The OR operator, for which you may also use | (vertical bar), applies to the search terms immediately adjacent to it. The first and second examples will find pages that include either “Tahiti” or “Hawaii” or both terms, but not pages that contain neither “Tahiti” nor “Hawaii.” The third and fourth examples will find pages that contain any one, two, or all three of the terms “blouse,” “shirt,” and “chemise.”
[ Tahiti OR Hawaii ]
[ Tahiti | Hawaii ]
[ blouse OR shirt OR chemise ]
[ blouse | shirt | chemise ]
Note: If you write OR with a lowercase “o” or a lowercase “r” Google interprets the word as a search term instead of an operator.

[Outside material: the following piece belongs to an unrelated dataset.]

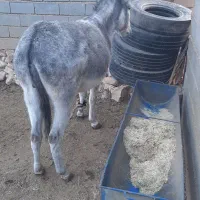 الاغ گوسفندی|حیوانات مزرعه|شیروان (خراسان), |دیوار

Note: Unlike OR, a | (vertical bar) need not be surrounded by spaces.
[ bicycle|cycle ]
Specify that results contain numbers in a range by specifying two numbers, separated by two periods, with no spaces.
For example, specify that you are searching in the price range £250 to £1000 using the number range specification £250..£1000.
[ recumbent bicycle £250..£1000 ]
Find the year the Russian Revolution took place.
[ Russian Revolution 1800..2000 ]
Use *, an asterisk character, known as a wildcard, to match one or more words in a phrase (enclosed in quotes).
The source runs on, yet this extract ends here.